I'm a freelance writer living and studying in Sydney
Published March 5th 2014
I give this film 1/2 a star out of 5
My first impression of Vampire Academy is a mash-up of Twilight, X-men and Mean Girls...gone horribly wrong. Mark Waters' film adaptation of Richelle Mead's fiction series does not do it any favours but instead achieves an unusual cross between a vampire comedy spoof and a predictable action-adventure with some romance chucked in on the side. Perhaps a blessing for the Vampire Academy fanbase, this film is most certainly a painful experience for the rest of us.
Evidently with no need for subtly, we - the audience - are thrust straight into the heart of the story. We are spoon fed, in fact almost force fed, all of the information at once. Whether this is due to the overwhelming amount of back-story or simply to save time, we might never know. But there is one term for what the film achieves and that is: plot vomit. The act is both oppressive and tacky.
To summarise Waters' plot vomit and save you the hassle, there are two main heroines: one a princess and the other her guardian. They have some sort of telepathic connection and they must fight off the seemingly never ending number of characters who want them either slut-shamed, maimed, or dead. Now I normally appreciate strong female leads in a film but Vampire Academy as a whole was anything but enjoyable.
In an attempt to obtain both hilarity and originality, the plot abandons all vampire norms from the onset. As it turns out, vampires are actually mortal. There are three different subsets of vampire. Humans actually voluntarily donate blood and are not killed in the process. To make matters even worse, Twilight is name dropped once or twice. This cheesy satire is ineffective since the movie is still 50% serious about the whole vampire-romance-action genre.
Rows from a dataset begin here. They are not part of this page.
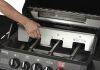 Enders Gasgrill Monroe Pro 3 SIK Turbo Shadow Mod.2025 inkl. Grillbürste
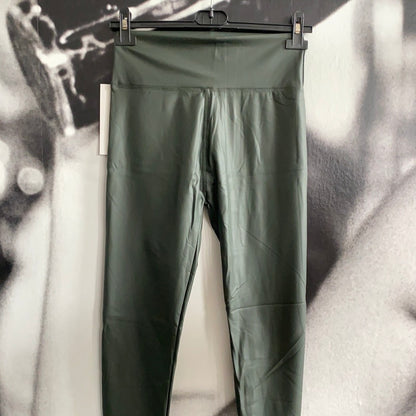 Leggings ( Fakeleder ) farbig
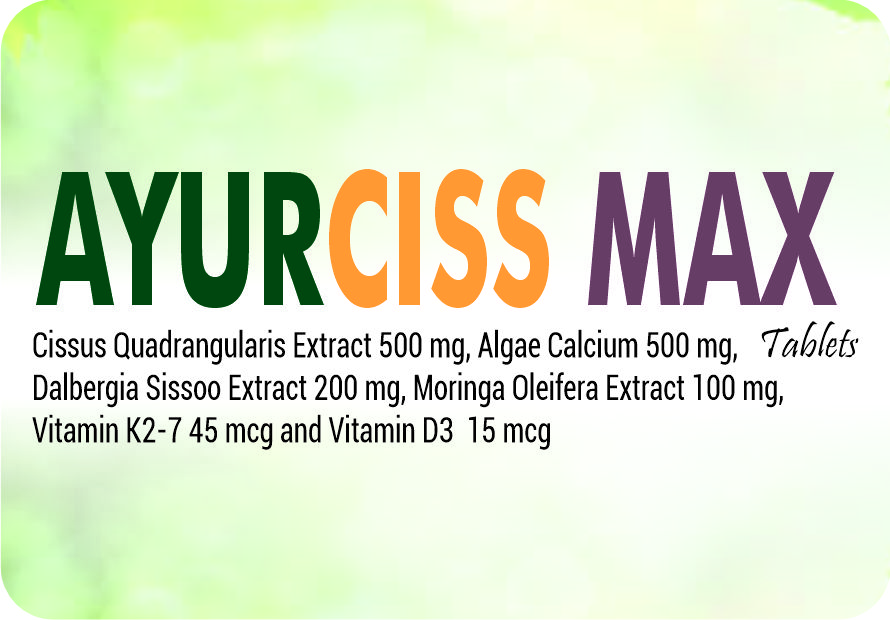 AYURCISS-MAX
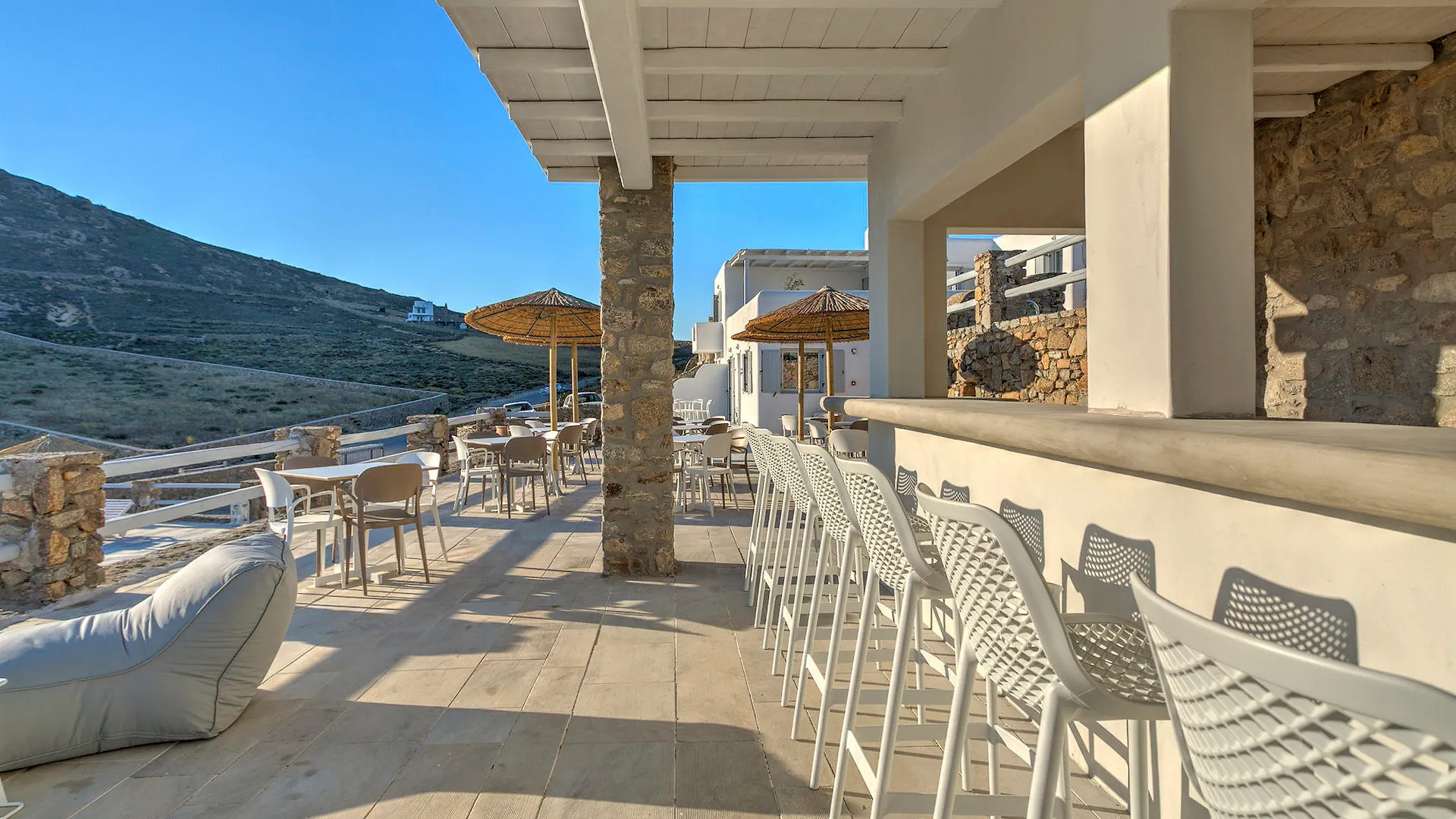 Senses Luxury Suites & Villas Elia  Lejlighedshotel Elia (Mykonos)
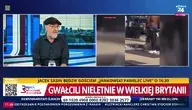 Bruno Topola na antenie telewizji wPolsce24 
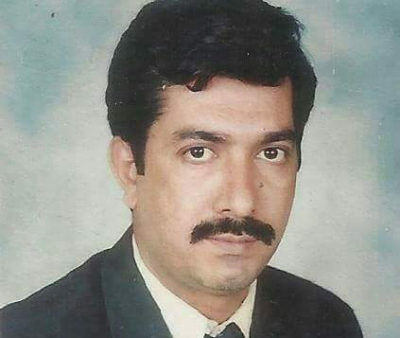 Shakir Mehrvi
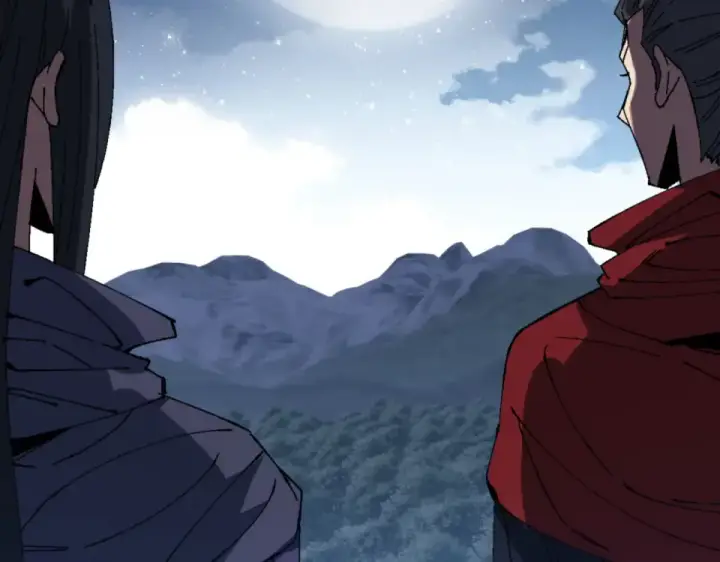 漫画《师尊：这个冲师逆徒才不是圣子》第161话 天上掉下个楚老魔第142张图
This strikes me as slightly ironic and altogether hypocritical for Waters'. It leaves me questioning just how serious he was about making a vampire film in the first place.
If the plot and script didn't already destroy the film then the acting almost certainly did. The actors need to be reminded that they are allowed to breathe between lines. The characters fire back replies to one another so quickly that it is almost impossible to believe they actually heard what the other was saying. The whole dialogue sounds so scripted that it is cringe-worthy. And, let me tell you, that cringe will last the entire 104 minutes.
Zoey Deutch as a vampire guardian
Zoey Deutch, who plays the guardian Rose Hathaway, could almost be confused with Ellen Page. She seems more like a sarcastic Juno-esque vampire than the guardian of a Princess. To add to this, Dominic Sherwood (who plays the Princess' love interest, Christian Ozera) is the dark brooding vamp reminiscent of Edward Cullen, minus the attraction to humans. It is almost as if the actors were cast based off of their likeness to other celebrities rather than off of their raw talent.
Given that Richelle Mead has written six novels and the film ended in a suggestive cliff-hanger inclines me to think that Waters' intends on making sequels. I can only say that for the love of good quality films I hope he does not. Although, judging from their poor box office performance, I'm not sure a sequel would be a financially viable option. And thank goodness for that. Now hopefully the cliche vampire genre will die off with it.